Replication Between Pools Causes Corruption

yottabit

Contributor
Joined
Apr 15, 2012
Messages
192
This is something that stands out. Very old zpool from the FreeNAS 9 era, replicating into TrueNAS SCALE with ZFS 2.1, and then back again to a different dataset on the old pool.


I don't believe ZSTD was a supported compression property back then? Did you upgrade the old pool's features prior to these replications?
Yes, I generally upgrade the pool features O(months) after deploying.

I just followed my steps in comment #37 with the single-file dataset and was not able to reproduce the problem.

So it may be something to do with the large amount of data in the intermediate dataset and how it's being read and pipelined to the destination dataset. It's unfortunately I wasn't able to reproduce this with a small test dataset.

The md5sum check is still running on the overnight replication that went old_pool -> old_pool, but so far there is no corruption.

I am starting to run out of free space to keep some of these experiments around. I think next I will do as follows:
  1. On the intermediate dataset, delete everything except the known-to-corrupt file types `.cshrc` and `*.properties`
  2. Snapshot
  3. Replicate that snapshot to the original pool
  4. Check for corruption
  5. If corruption is repro, replicate the snapshot into a new dataset on the same pool
  6. Replicate that snapshot to the original pool
  7. Check for corruption
  8. If corruption is repro, I will pipe the source snapshot into a file and share

The corrupted file is in fact LZ4-compressed data as is.

During replication, it does change the compression mode in the block pointer as requested but does not actually recompress the data. This way, when you copy to the LZ4-compressed dataset, there is no problem as no recompression is needed. I wonder if the problem persists if the target dataset uses LZJB compression.

I will start this now.
 

AlexGG

Contributor
Joined
Dec 13, 2018
Messages
171
or trying to upgrade a pool's features, which spans many ZFS iterations, can unearth these quirks

Probably this. Which means there won't be any repro, because we are looking at something rare, one of a kind. The solution is to copy data without send-receive, verify the copy, and then destroy the source. The copy, never subjected to any upgrades, should not be quirky. And make a note not to upgrade pools in the future.
 

yottabit

Contributor
Joined
Apr 15, 2012
Messages
192
Probably this. Which means there won't be any repro, because we are looking at something rare, one of a kind. The solution is to copy data without send-receive, verify the copy, and then destroy the source. The copy, never subjected to any upgrades, should not be quirky. And make a note not to upgrade pools in the future.
What? I thought it was best practice to upgrade pools. Either way, this is a bug for sure.

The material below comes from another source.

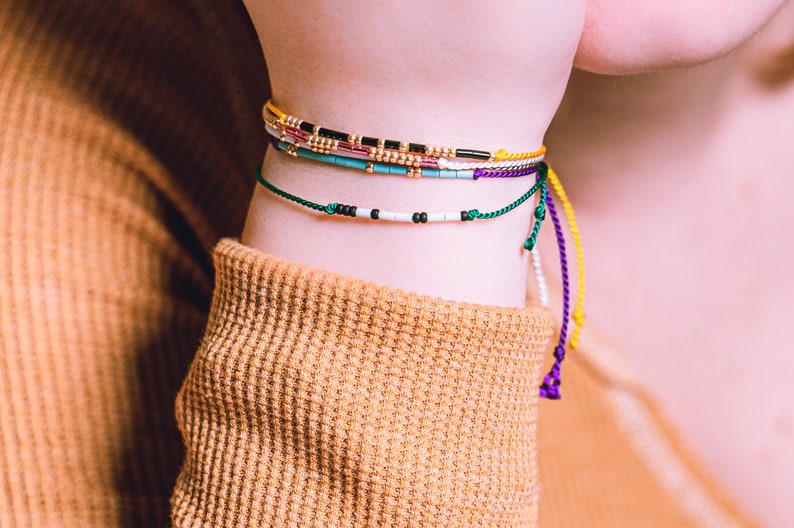 May include: A close-up of a person's wrist wearing several colorful beaded bracelets. The bracelets are made of small beads in various colors, including green, blue, yellow, purple, and black. The bracelets are tied with knots and have long, dangling ends.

I am attempting to pair down the intermediate dataset to only failed files that contain no PII, in an attempt to pipe into a file for further debug. When that's done, I'll probably pursue the copy into a new dataset to unblock this migration. But I do worry about older zvols, for example, for which I can't simply copy without a bunch of acrobatics in a VM.

Removing all of the files from the intermediate dataset that are *not* corrupted on replication:
Code:
# Found another UI bug that wouldn't set this dataset to readonly=off; I had to do it from the shell.
[yottabit@nas1 /mnt/big_scratch/migration/jacob.mcdonald]$ sudo zfs set readonly=off big_scratch/migration/jacob.mcdonald
[yottabit@nas1 /mnt/big_scratch/migration/jacob.mcdonald]$ grep -e ': OK$' /mnt/ssd_scratch/md5sum_check_encrypt_from_intermediate.txt | sed -e 's/: OK$//' | xargs -d '\n' rm -frv


Further reduction of dataset size by removing all the big media:
Code:
[yottabit@nas1 /mnt/big_scratch/migration/jacob.mcdonald]$ find . \( -iname "*.mp4" -o -iname "*.mov" -o -iname "*.avi" -o -iname "*.jpg" -o -iname "*.png" \) -exec rm -frv '{}' \;
 
Last edited:

AlexGG

Contributor
Joined
Dec 13, 2018
Messages
171
I am attempting to pair down the intermediate dataset to only failed files that contain no PII, in an attempt to pipe into a file for further debug.

That will be very good if you can do it and it still reproduces the problem. Especially if you can trim it down to something you can make publicly available. However, that does not necessarily preserve the problem. See, the send-recv process is like this

1. There is something on the disk at the source.
2. ZFS takes it and converts it to a different format for send/recv.
3. On the other side, ZFS takes send/recv format and converts it back into the on-disk format, transforming data as needed.
4. Finally, there is something on the disk at the target.

If the problem is at step 3, that's fine. If the problem is at step 2, we may end up with the send-recv stream which is somehow malformed but we have no idea how we arrived at it, and the source is gone. So if possible, you want to keep your source as long as we are at it.
 

yottabit

Contributor
Joined
Apr 15, 2012
Messages
192
Success, I was able to prune the intermediate dataset from all sensitive PII, replicate to a new dataset, replicate that to the wanted destination pool, and still corrupt data during that final replication.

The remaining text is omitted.